Preface
January 27, 2025 2 minutes • 341 words
The 1997 Asian Crisis and the 2008 Financial Crisis proved that financial crises were systemic and that there was something very wrong with Economics. This led me to do personal research into the history of the ideas that created the current economic system.
From studying economic calculus in university, my gut feeling was that the fishy idea of profit maximization (wherein firms reduce their output in order to raise prices) was the culprit.
I validated this in Adam Smith’s The Wealth of Nations where he attacked the idea that money is wealth, which then led to the profit maximization doctrine which was not present in Classical Economics.
From Smith’s principles, I created a model predicting a global stagflation starting in 2020 wherein the solution would be a barter-credit system that we eventually called Economy-as-a-Service.

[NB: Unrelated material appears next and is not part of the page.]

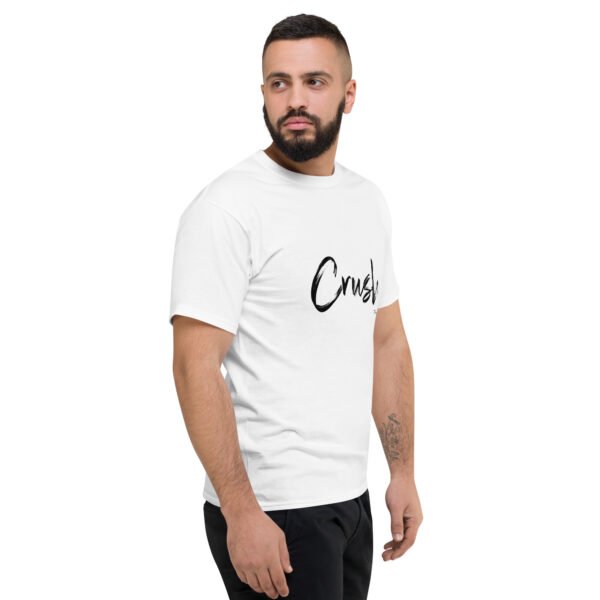 Men's Champion T-Shirt - Image 12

This realizes Smith’s state institutions mentioned in Book 5, Chapter 2, to facilitate specific commerce sustainably wherein the valuation is based on something tangible, as either wheat or silver.
The pandemic happened within the projected time frame, and our system, as a web app, crashed from the surge of users. The reality of the 2020s stagnation, as well as the current chronic inflation, proves that Smith was correct and that his principles are timeless, holding true today and far into the future.
We can then lay down the science of how the prediction was done and why it predicts another global crisis around 2028-2029 unless Neoclassical Economics reverts back to Classical Economics, a clearer version of which is our proposed Supereconomics.
Unlike Economics which is based on static money, as prices, Supereconomics is based on dynamic waves, as relative value. This wave-nature of a supereconomy is driven by desire, explained through the Four Laws of Value, mirroring the Four Laws of Thermodynamics.
This book explains the basics of those Four Laws just as Newton’s Principia Mathematica explained the Laws which established Physics, but uses qualitative solutions to problems instead of mathematical ones. This is because humans have free will to break out of quantitative limitations or constants.